Creating a Workspace Portal cluster is very simple. You simply clone your first VM instance of the Workspace Portal and you have a cluster. It does require a load balancer and that the Workspace Portal’s Fully qualified domain name (FQDN) is pointing to your load balancer.

This blog post is a detailed step by step instruction on how to setup Workspace Portal in a HA cluster using the Workspace Portal’s internal database.

Before we start there is a couple prerequisites needed to be sorted out first.

Prerequisites

1. Deploy your first instance of the Workspace Portal VM. Your first VM will be referred to as the Master node through out this guide.

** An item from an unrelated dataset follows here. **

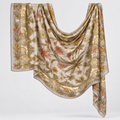 Tan and blue floral modal hijab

2. Configure the FQDN for your Workspace Portal implementation.

Specify-Workspace-FQDN

NOTE: If you are having issues changing the FQDN please have a look at this blog post.

3. In order to setup Workspace Portal in a high available cluster using its internal database you must modify the hardware. Each node requires a minimum of 8GB RAM and 4 vCPU. Since we will soon clone our master node its easier to apply the VM hardware requirements on our first VM before the clone operation.

Configure-Virtual-Machine-Properties

4. Enable SSH access for root. This step is optional but since much of the configuration is made using SSH it is much easier if you allow SSH access for your root user. If needed you can always turn it off once the setup is done.

On your master node edit /etc/ssh/sshd_config and change PermitRootLogin from no to yes. Hit Esc and type :wq and Enter to save and exit.

Restart SSH daemon using command:

/etc/init.d/sshd restart

Clone your master node

Once all prerequisites are done it’s time to clone your master node.

1. Clone your Master node VM

Clone-VM

Name-clone

Make sure you give your clone a unique name. Make sure not to power on the new VM once cloning is completed.

2. Edit the clone’s vApp Properties.

Edit-vApp-options

When the cloning operation have completed edit the vApp Properties providing a unique hostname and ip-address. Make sure you have DNS configured with correct forward as well as reverse (A and PTR) records supporting the new clone.

Power on your clone.

Disable web server temporarily

Disable-web-server-temporarily

Run command:

service horizon-workspace stop

on all nodes in your cluster.

Allow ssh access for postgres user and allow connectivity to postgres server

Allow-ssh-access-for-postgres-user-and-allow-conne

Perform these steps on all nodes.

1. Add the user postgres to the wheel users group so that ssh can be used to connect as that user.

usermod -A wheel postgres

NOTE: If you are getting an error message running the command and you have copy and pasted the command try to replace – with -. Sometimes – gets changed when using copy and paste.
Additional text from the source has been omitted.